→ **WORK TO COMPLETE**
In the records below, find the line containing "GATE Klasyczna koszulka", then copy that line and all lines after it, exactly, omitting every picture.

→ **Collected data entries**
——

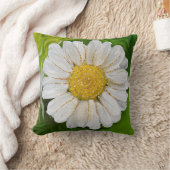 新しい始まり – デイジーフラワーパワー クッション (ブランケット)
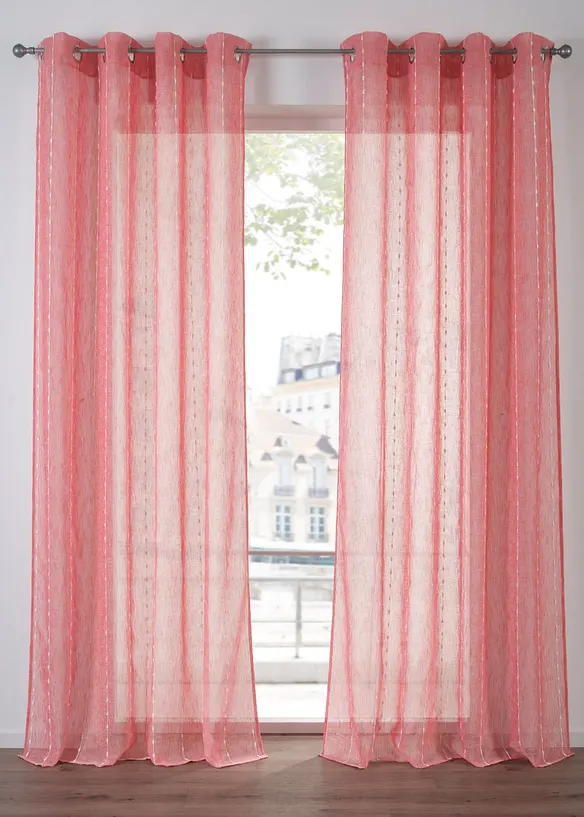 Gordijn met geweven strepen (1 stuk), bonprix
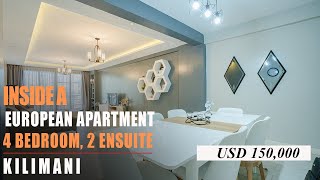 Modern & Spacious European Style 4 - Bed Apartment in Kilimani, Nairobi | Kenya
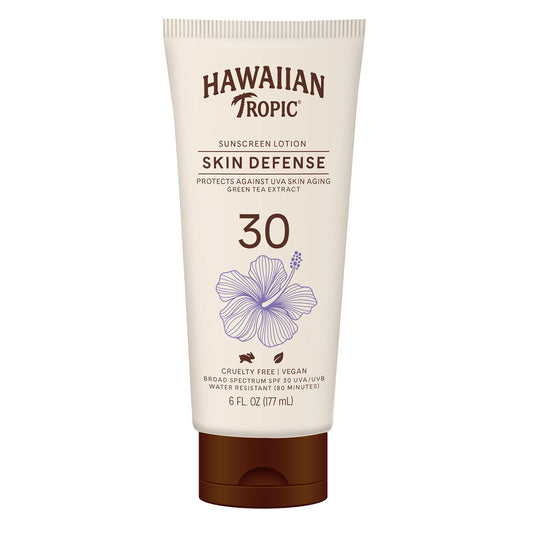Hawaiian Tropic Skin Defense Sunscreen Lotion SPF 30 - 6oz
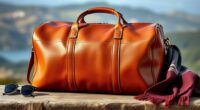 luxury leather travel bags
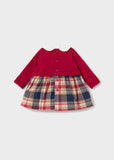 Mayoral Baby Girls Red Knit & Checked Dress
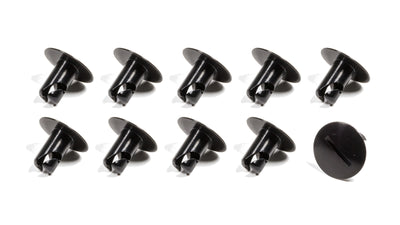 Bouton à tête large, longueur 0,500, aluminium noir, paquet de 10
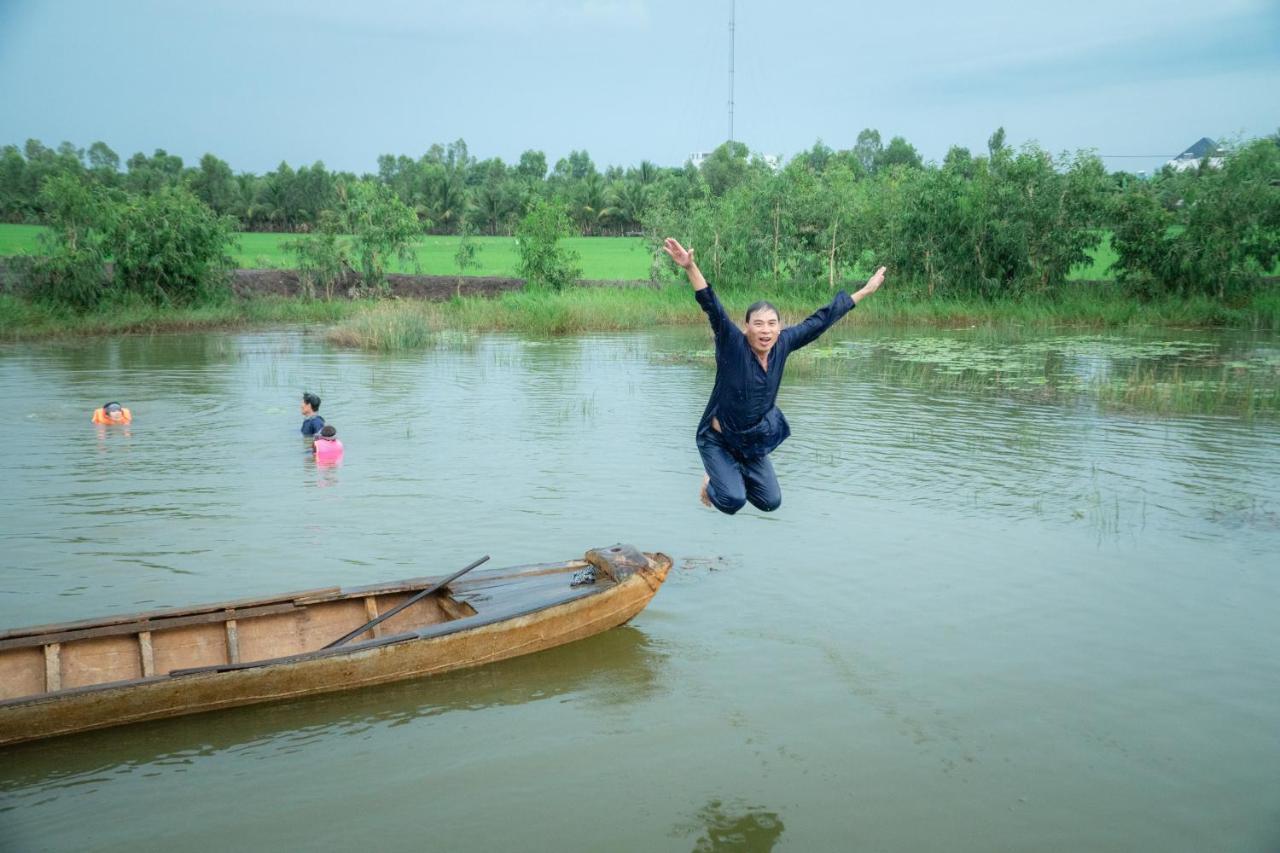 Viet Mekong Farmstay Tràm Chim Buitenkant foto
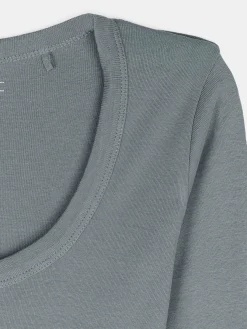 GATE Klasyczna koszulka z długim rękawem| Koszulki I Topy·Koszulki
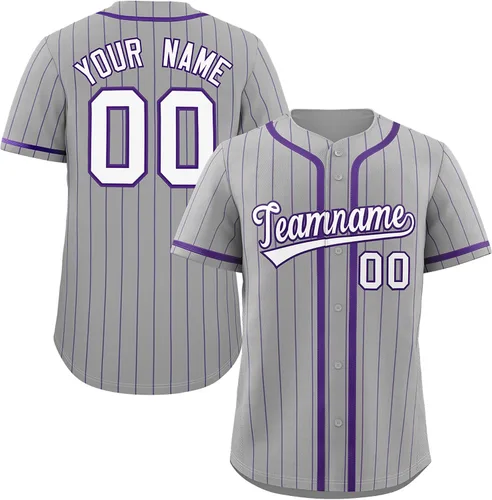 Vista 8 de Camiseta de béisbol de rayas finas personalizada hipster hip hop, camisetas deportivas con nombre y número del equipo personalizado para hombres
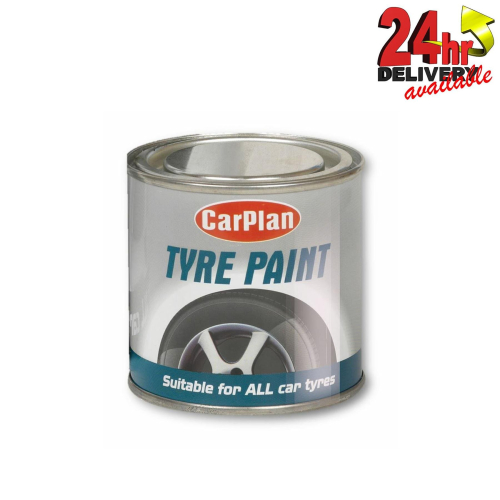 CarPlan Carplan Rubber Tyre Mudflap Trim Black Paint 250ML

——

→ **EXERCISE ANSWER**
 GATE Klasyczna koszulka z długim rękawem| Koszulki I Topy·Koszulki
 Vista 8 de Camiseta de béisbol de rayas finas personalizada hipster hip hop, camisetas deportivas con nombre y número del equipo personalizado para hombres
 CarPlan Carplan Rubber Tyre Mudflap Trim Black Paint 250ML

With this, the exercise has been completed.